Herboch cites his "genuine interest in understanding risk" as being crucial to his contributions.

"I have worked on a number of new or less well-known risks such as cyber, antibiotic resistance, chemical terrorism and climate change," he says.

"The development of scenarios and risk analyses for Scor's risk committees is appreciated by the executive committee and the directors as they highlight new risks and what they mean for the company in terms of potential consequences."

Before joining Scor as a risk manager in 2017, Herboch spent nearly two years at Deloitte in France as a consultant for actuarial and insurance solutions. He began his re/insurance career in pricing at Axa in 2014.

Herboch is an engineering graduate of Ecole Centrale Paris, where he specialised in applied mathematics, and holds a master's degree in actuarial science from Université Paris Dauphine.

"Insurance (or at least the first hints of risk-transfer mechanisms) has its origins in Babylon during antiquity and was first created to limit the risks merchants were taking when conducting long-distance trade," says Herboch.

"I find it fascinating that the re/insurance industry we know today goes back so far. For me, that's the proof of the tremendous usefulness of our sector."

After eight years in the sector though, Herboch is quick to point out "tomorrow's world is maybe not the same as yesterday's."

"While actuarial models are usually based on historical data, they also include expert judgements, and it is increasingly necessary to develop networks within the company to ensure that the assumptions made in pricing/reserving are consistent between the various teams.

"Risk professionals (and actuaries working in risk management) will need even more in the future to understand which assumptions are made by the pricing and reserving teams (and how they are made)."

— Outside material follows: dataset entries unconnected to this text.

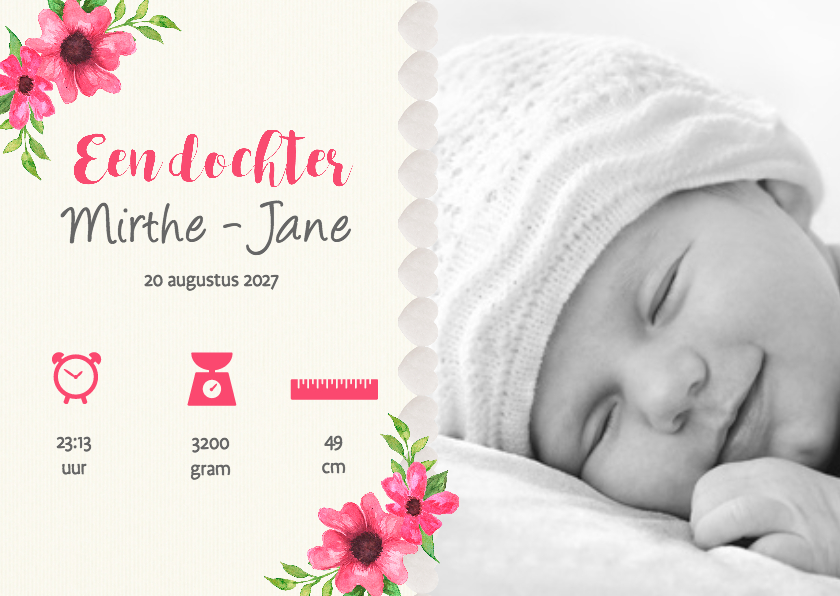 Linnen look met bloemen - DH - Geboortekaartjes Geboortekaartjes - Linnen look met bloemen - DH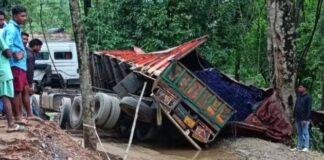 निर्माणाधीन पुल के डायवर्सन पर पलटा ट्रक, NH-63 घंटों जाम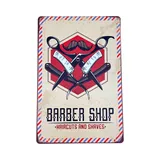 Póster Metálico Barber Shop Tijeras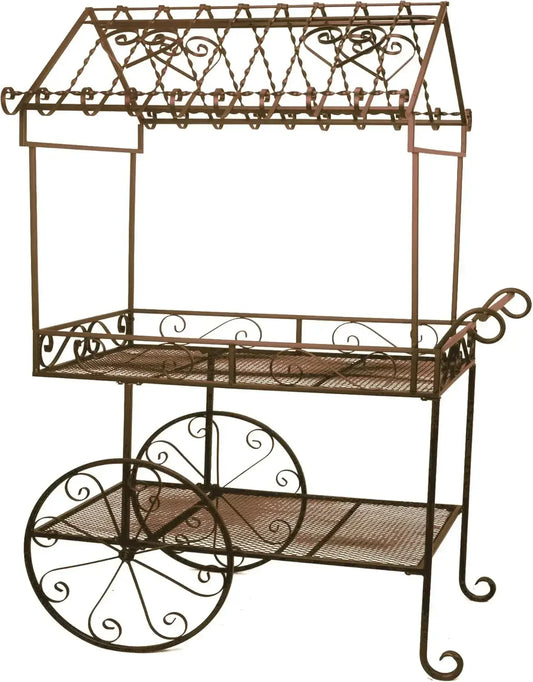 Large Steel Flower Cart with Working Wheels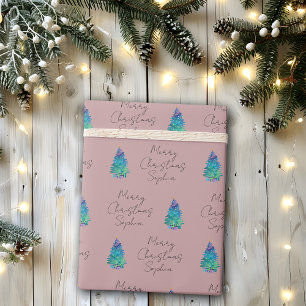 Elegante Stof Roze Douane Vrolijk Kerstboom Cadeaupapier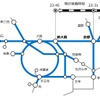 東海道新幹線最終からの乗継ぎ範囲（青線部分）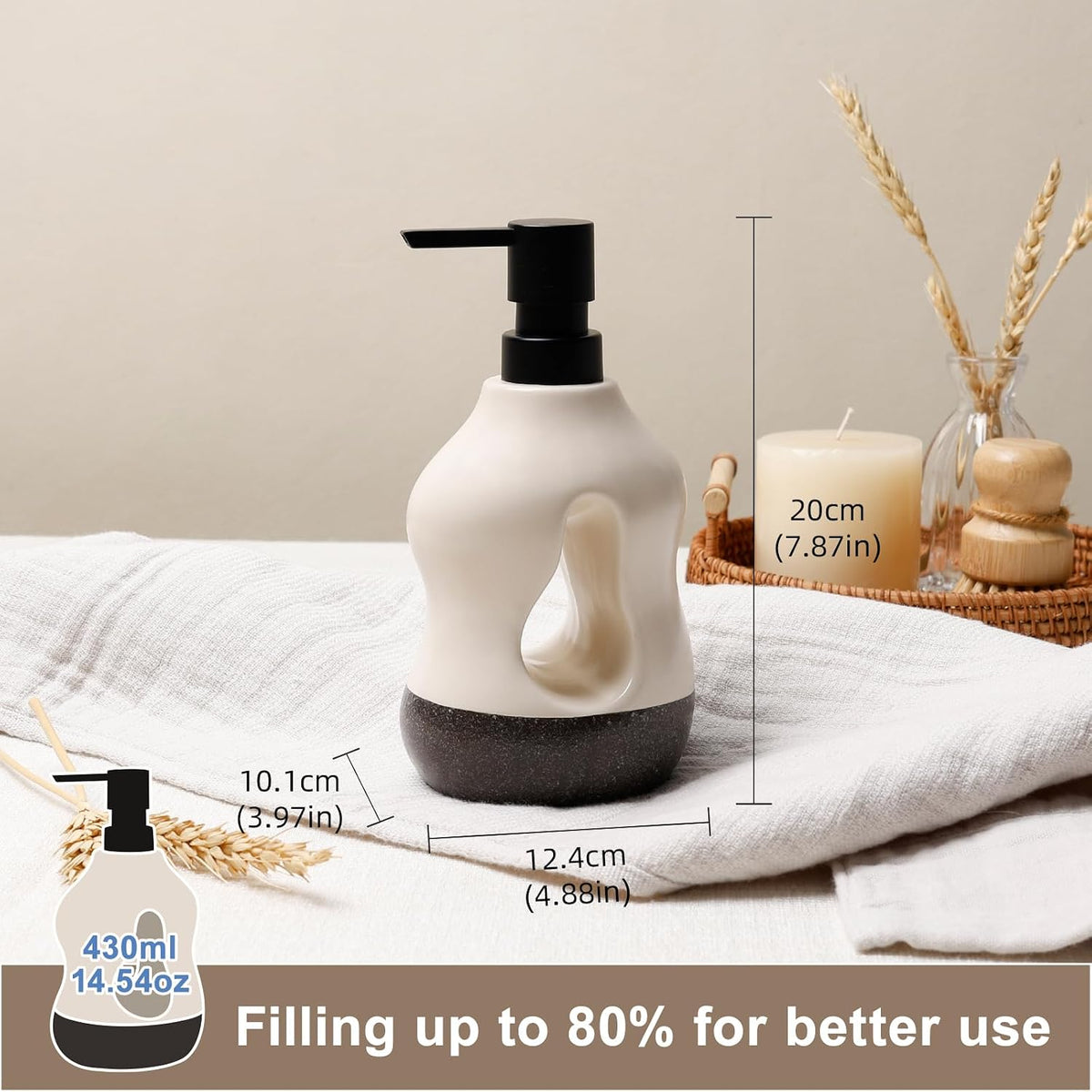 BosilunLife Ceramic Soap Dispenser - Soap Pump Dispenser Bathroom Kitchen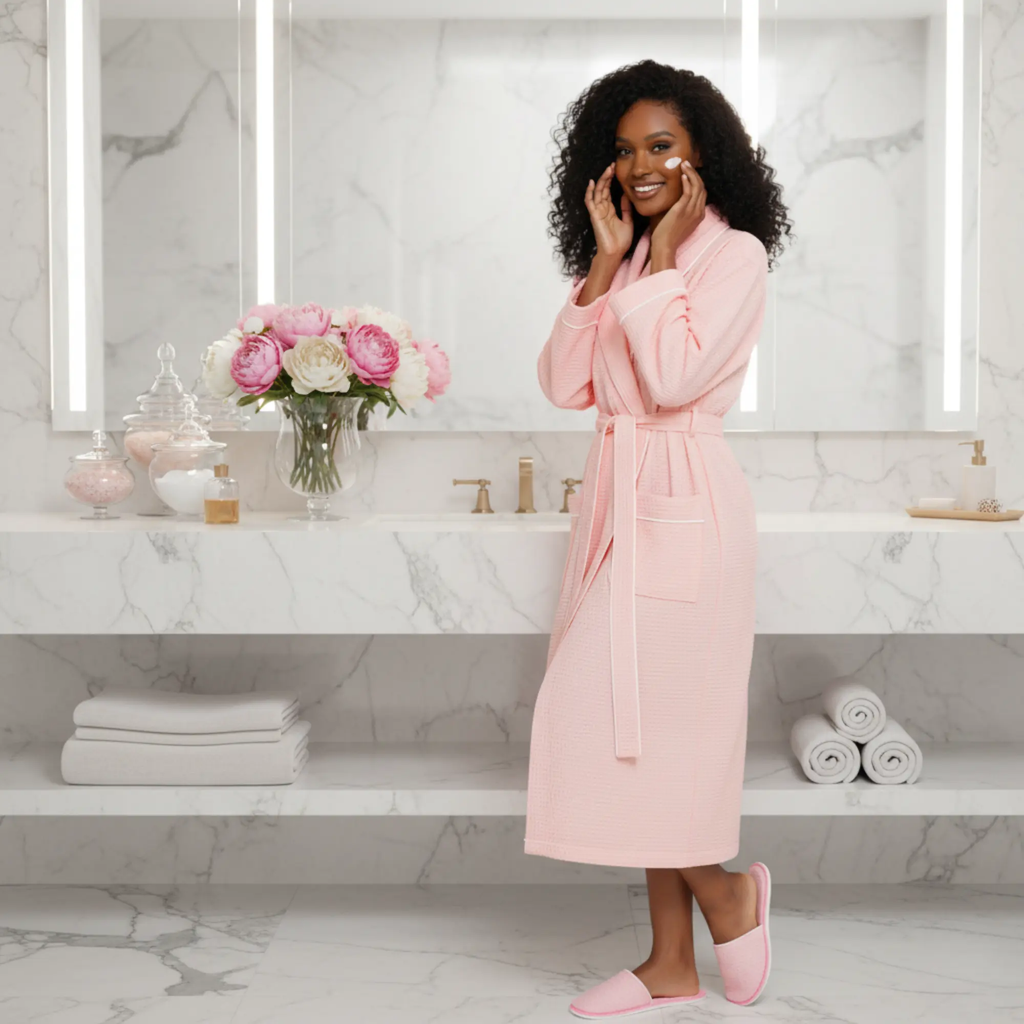 Women’s Waffle Piping Bathrobe – Lightweight Spa-Style Comfort Lotus Linen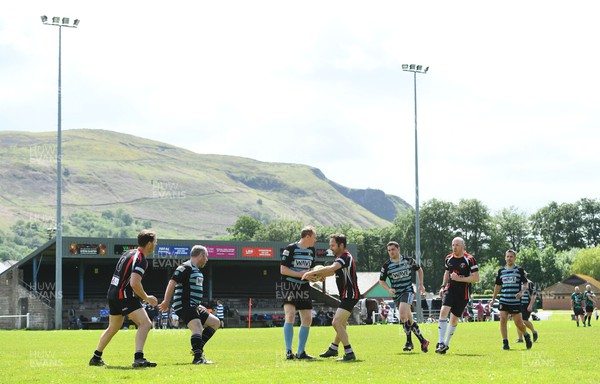 210522 - Veterans Touch Rugby Festival at Ystradgynlais - A general view of action during Vets Touch Rugby Festival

He points out there are three distinctive qualities needed for successful future risk managers, namely curiosity, the ability to summarise effectively and to be quantitative.

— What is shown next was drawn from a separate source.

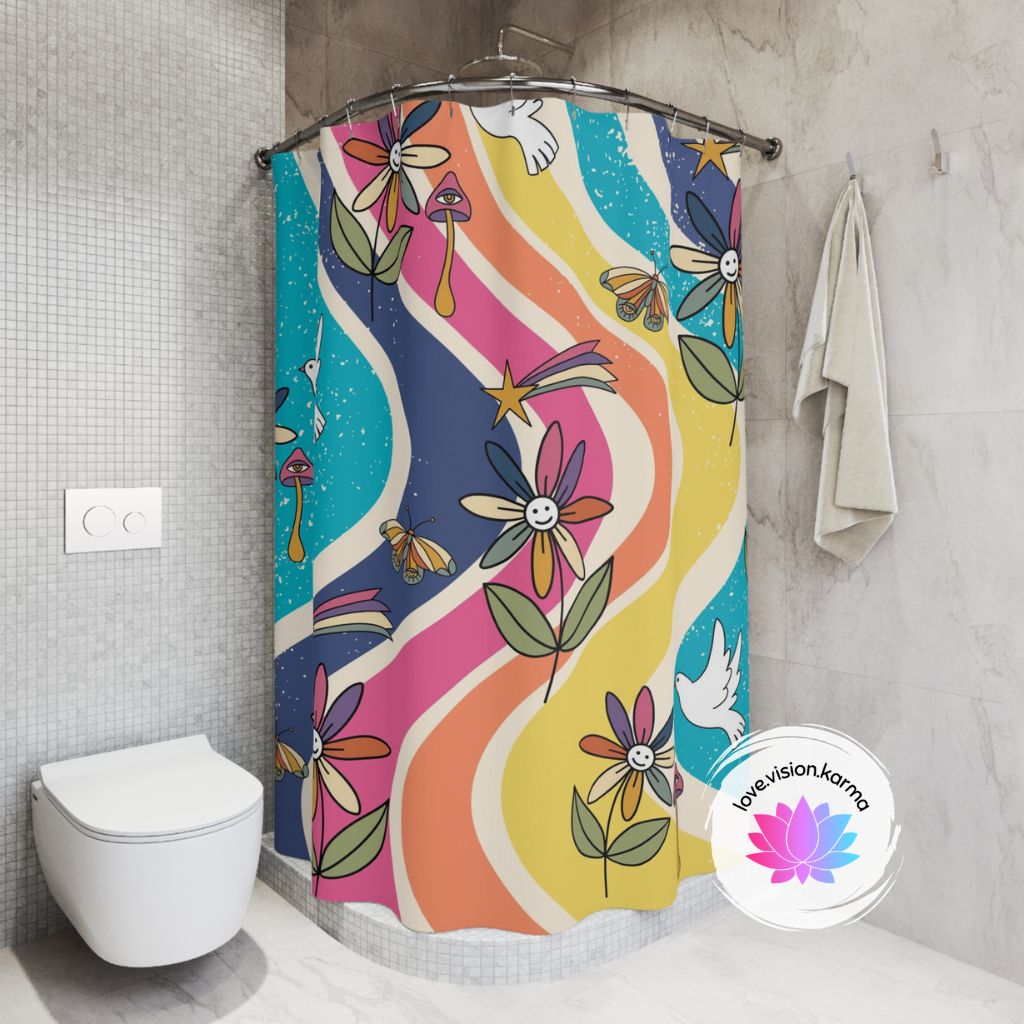 Groovy Hippie Flowers and Boho Mushrooms Multicolor Shower Curtain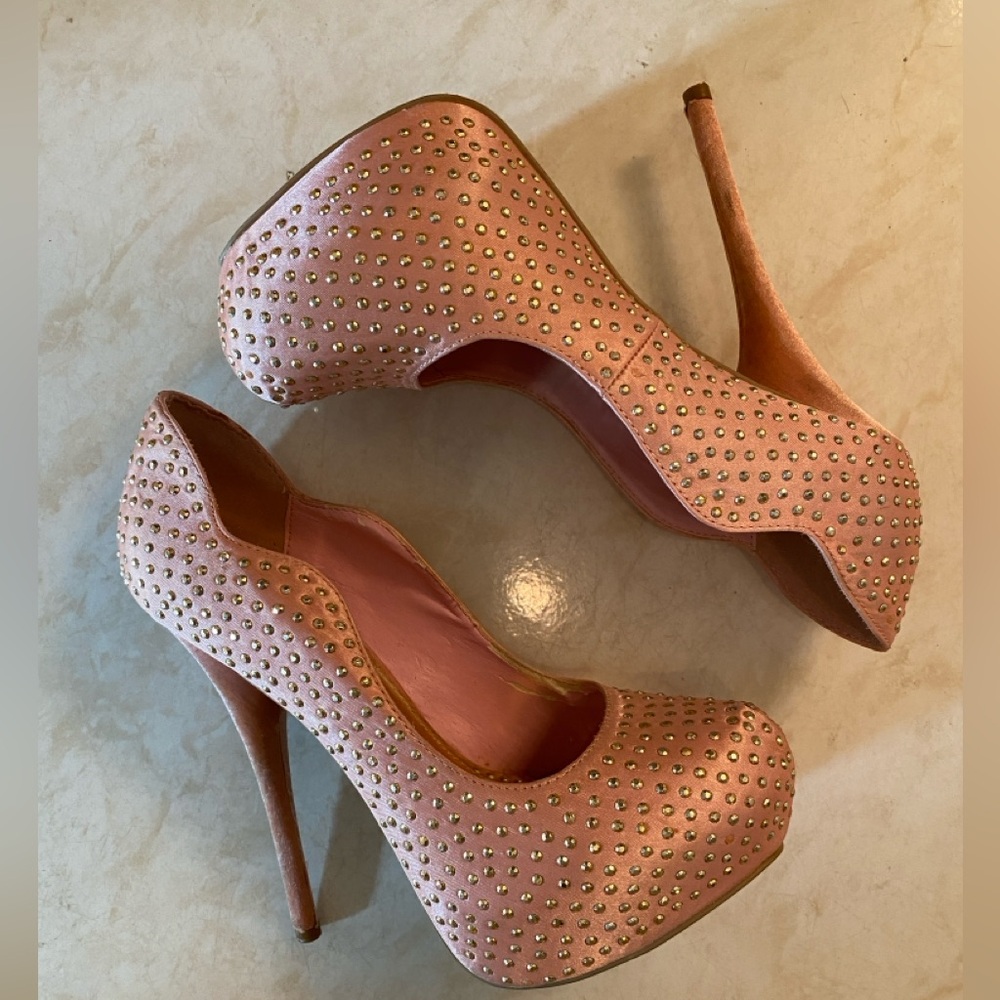 Blush Scalloped Studded Heels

"The risk universe is infinite and because whatever can happen will happen, a risk manager must be curious about possible events to try to see if and how they could be relevant.

"All the information the top management requires to understand a risk will be there somewhere within the company's wide range of expertise. But it is there in a raw form, which the risk manager needs to refine and reproduce in a clear and accessible way.

"While not all risk managers are actuaries, or even quantitative, I believe the quantitative component of the risk manager role will increase in the future."